Williams è anche noto per il ricalcolo di alcuni dati base utilizzando i metodi statistici precedenti, e quindi rendendoli omogenei con quelli del passato. Ad esempio calcola la disoccupazione al 21%, applicando i criteri utilizzati negli USA pre 1994, contro 3,55% attuale, e l’inflazione molto più alta, ma questo sarebbe un controsenso rispetto a quello che consiglia per politica monetaria.

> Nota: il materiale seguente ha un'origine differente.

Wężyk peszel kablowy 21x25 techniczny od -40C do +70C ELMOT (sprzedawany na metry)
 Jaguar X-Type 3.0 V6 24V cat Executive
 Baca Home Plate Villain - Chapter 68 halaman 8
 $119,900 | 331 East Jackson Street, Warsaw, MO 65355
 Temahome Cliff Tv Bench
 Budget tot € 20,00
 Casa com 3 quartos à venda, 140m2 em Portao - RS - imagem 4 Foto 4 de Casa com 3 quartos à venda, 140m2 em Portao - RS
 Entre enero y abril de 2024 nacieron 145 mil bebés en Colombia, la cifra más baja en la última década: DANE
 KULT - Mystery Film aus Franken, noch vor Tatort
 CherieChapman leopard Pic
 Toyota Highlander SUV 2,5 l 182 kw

Comunque una lettura interessante in coerenza con “Scenari economici alternativi” che è la finalità di Scenari Economici.
 

tontolina

Forumer storico
Erano anni che il livello dei debiti societari rischiosi non era così alto; allarme della Fed per i possibili rischi sull’economia
Erano anni che il livello dei debiti societari rischiosi non era così alto; allarme della Fed per i possibili rischi sull’economia
  • La quantità di leveraged loans nel 2018 è aumentata del 20%, superando i recenti picchi registrati nel 2007 e nel 2014
  • La Federal Reserve questa settimana ha segnalato questo netto aumento definendolo un rischio per il sistema finanziario
  • Tuttavia, gli istituti finanziari sembrano più resilienti rispetto a prima della crisi finanziaria.
Il rapido aumento dell’entità dei debiti societari rischiosi è diventato uno dei punti deboli più preoccupanti per la più grande economia del mondo.



I leveraged loans negli Stati Uniti sono aumentati di un quinto nel 2018, raggiungendo un valore totale di 1.100 miliardi di dollari, al di sopra dei picchi registrati durante la crisi finanziaria. A comunicarlo è stata la Federal Reserve in un report semestrale pubblicato questo lunedì.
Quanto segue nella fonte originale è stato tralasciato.